3d27's comments

3d27 · on March 22, 2024

Checkout this instead: https://github.com/confident-ai/deepeval

Also has native ragas implementation but supports all models.

3d27 · on March 4, 2024

This is great. I'm also building an LLM evaluation framework with all these benchmarks integrated in one place so anyone can go benchmark these new models on their local setup in under 10 lines of code.
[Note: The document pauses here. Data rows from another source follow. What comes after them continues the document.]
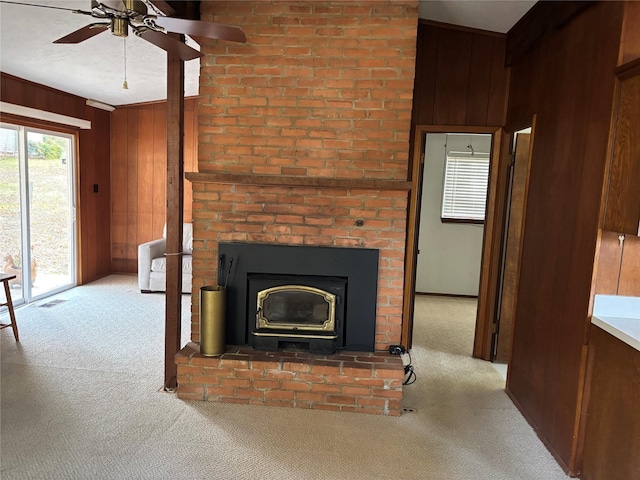 carpeted living room with wood walls and ceiling fan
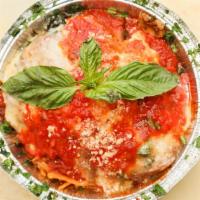 Eggplant Parmigiana · Served with choice of pasta in tomato sauce or a garden salad.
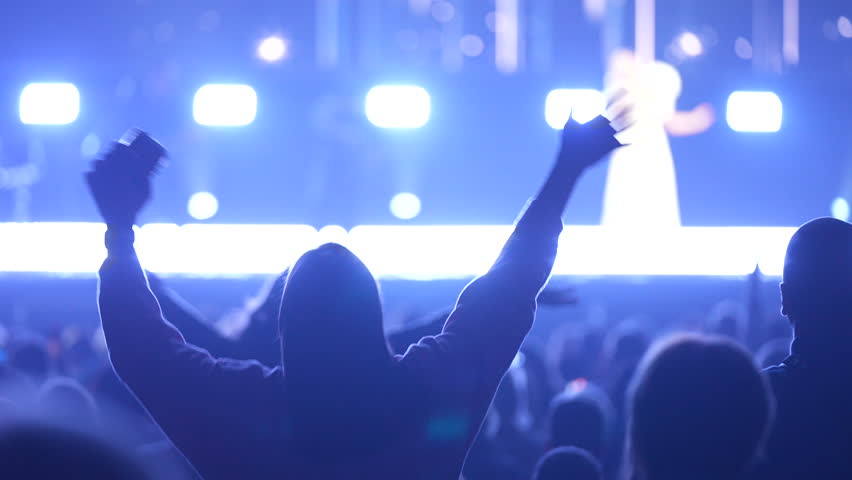 Lot teens dance kpop music concert. Many girls fans cheering fun party. Joy crowd teenagers hang out cool night life fest, k pop chill. Epic live arena. Neon light. People enjoy song. Dancer energy.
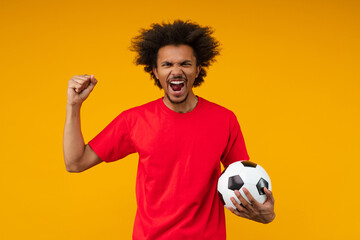 Excited African man on yellow background screaming with rage and passion while holding soccer ball...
Hope someone finds this useful: https://github.com/confident-ai/deepeval

3d27 · on Feb 26, 2024

(found this interesting post on medium, this is not my original work)

3d27 · on Feb 26, 2024

There's a lot more in the evaluation space, including this one: https://github.com/confident-ai/deepeval

snapey · on Feb 26, 2024

And promptfoo https://github.com/promptfoo/promptfoo

gaocegege · on Feb 26, 2024

Welcome contributions! https://github.com/tensorchord/ai-infra-landscape

Open-source contributions can make it better. :-)

3d27 · on Jan 20, 2024

I'm just imagining Jensen Huang laughing in his sleep right now...

3d27 · on Jan 3, 2024

How did you calculate accuracy and bias?

3d27 · on Dec 12, 2023

The package I built is like a provider for 10+ different evaluation metrics that run both locally on your machine using models from hugging-face but also on the cloud IF you want more functionality.

If you want to evaluate a fine-tuned model, we have integrations with LM Harness and Stanford HELM coming out. If you want to evaluate a RAG application, we have 7+ metrics available for that.

You can also create your custom metrics using our interface!